Jubin Zhang Department of Physical Education, North China Institute of Aerospace Engineering, Langfang 065000, China Author

DOI:

https://doi.org/10.69987/JACS.2024.40105

Keywords:

Volleyball analytics, rally representation, tactical tutoring, explainable NLP, logistic regression, play-by-play data, natural language generation

Abstract

This paper presents a fully reproducible tactical tutoring pipeline for indoor volleyball based on structured, rally-level representations.

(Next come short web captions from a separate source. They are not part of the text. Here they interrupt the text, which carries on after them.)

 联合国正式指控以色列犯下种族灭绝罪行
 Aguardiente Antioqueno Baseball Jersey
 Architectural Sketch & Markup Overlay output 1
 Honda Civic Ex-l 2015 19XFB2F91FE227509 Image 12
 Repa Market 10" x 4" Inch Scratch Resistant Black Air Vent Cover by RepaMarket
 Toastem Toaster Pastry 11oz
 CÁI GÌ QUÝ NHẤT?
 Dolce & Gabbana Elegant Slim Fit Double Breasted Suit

Motivated by recent volleyball rally language resources such as VREN and by the growing interest in natural language feedback systems, we study how to convert play-by-play logs into a compact token sequence and then learn models that predict (A) rally outcome (win/loss from the serving-team perspective) together with the winning/losing reason category, and (B) simplified setting type and attack type labels. We conduct complete experimental evaluations on the NCAA men’s Division I 2020 play-by-play logs released with ncaavolleyballr. Using a match-disjoint 70/10/20 split, logistic regression with unigram–bigram features reaches 0.989 Accuracy and 0.988 Macro-F1 on outcome prediction, and 0.9998 Accuracy and 0.9995 Macro-F1 on reason prediction. On Task B, the same approach achieves 0.993 Accuracy / 0.993 Macro-F1 for set-type prediction and 0.9996 Accuracy / 0.997 Macro-F1 for attack-type prediction. To support coaching-oriented interpretation, we extract token and token-pair evidence from learned coefficients and convert this evidence into concise instructional explanations using a deterministic tutor generator, enabling a rule-consistency audit with 100% agreement on sampled cases. Our artifacts include rally segmentation, tokenization, experimental settings, figures, and tables, making the study directly replicable.